A Polónia foi um dos países europeus que mais sofreu com a invasão das tropas de Hitler (a que se seguiu a ocupação soviética), tendo morrido mais de seis milhões de polacos, dos quais três milhões eram judeus. O país foi completamente esventrado e fragmentado para servir os apetites imperialistas de Hitler e de Estaline, mas não houve, como em França, um governo fantoche e colaboracionista com o Reich.
O Yad Vashem, centro mundial da memória do Holocausto, (em Jerusalém) estima que entre 30 mil e 35 mil judeus — cerca de 1% dos judeus polacos — foram salvos por cidadãos polacos e, por isso, prestou homenagem com o título honorífico de "Justos entre as Nações" a mais de 6700 desses salvadores, o maior número de um só país.

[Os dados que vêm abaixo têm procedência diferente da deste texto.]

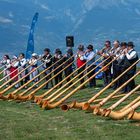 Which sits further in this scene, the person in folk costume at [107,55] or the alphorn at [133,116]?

Tudo isto é verdade, mas é apenas uma parte da verdade. A outra parte, aquela que desde há décadas os sucessivos governos pretendem ocultar sob a máscara da tolerância polaca é, afinal, a de um antissemetismo ultraconservador e católico em que a responsabilidade histórica e secular do clero polaco é determinante na difusão da judeofobia, não podendo, moralmente, ficar isento de culpa na realização de pogroms pelo povo, antes, durante e depois do final da II Guerra Mundial.  “A rua tornou-se um elo entre os antissemitas polacos e os hitlerianos”, afirmou o etnólogo Emanuel Ringelblum, que verificou como na sua própria sociedade, particularmente em Varsóvia, entre outubro de 1939 e novembro de 1940, recrudescia  a extrema violência contra os judeus. Esta ideia foi partilhada por Jan Karsky no seu relatório de Fevereiro para o governo polaco no exílio: “a nação odeia o seu inimigo mortal mas a questão judaica cria de certo modo uma plataforma estreita onde se encontram de acordo [sublinhado por Karski] os alemães e uma grande parte da sociedade polaca”. Também num telegrama enviado para Londres, em 21 de setembro de 1941, já depois da entrada em ação dos famigerados Eisatzgruppen, o general Grot-Rowecki (chefe das forças armadas do interior (AK – movimento da resistência polaca), pedia ao governo polaco no exílio que fosse “levado em conta, como facto perfeitamente estabelecido, que a maioria do país mostra disposições antissemitas”.
O mito medieval da demonização dos judeus, considerados agentes de Satanás, foi alimentado pela hierarquia dominante da Igreja Católica polaca, que pregava a ideia do povo judeu como deísta, antes, durante e após o final da II Guerra Mundial. O medo do estranho, do diferente, das forças ocultas serviu perfeitamente os desígnios nacionalistas e fortemente identitários do poder político e religioso, aliados na reconstrução de uma Polónia homogénea, que se fechou sobre si própria, e vê nos judeus (também nos ciganos e nos homossexuais) inimigos do reforço e coesão do Estado polaco. Ao binómio ser polaco é ser católico, o oposto continua igualmente verdadeiro: ser judeu é sinónimo de antinacional, com todas as consequências negativas da estigmatização, incluindo a segregação, na lógica do apartheid e da exclusão.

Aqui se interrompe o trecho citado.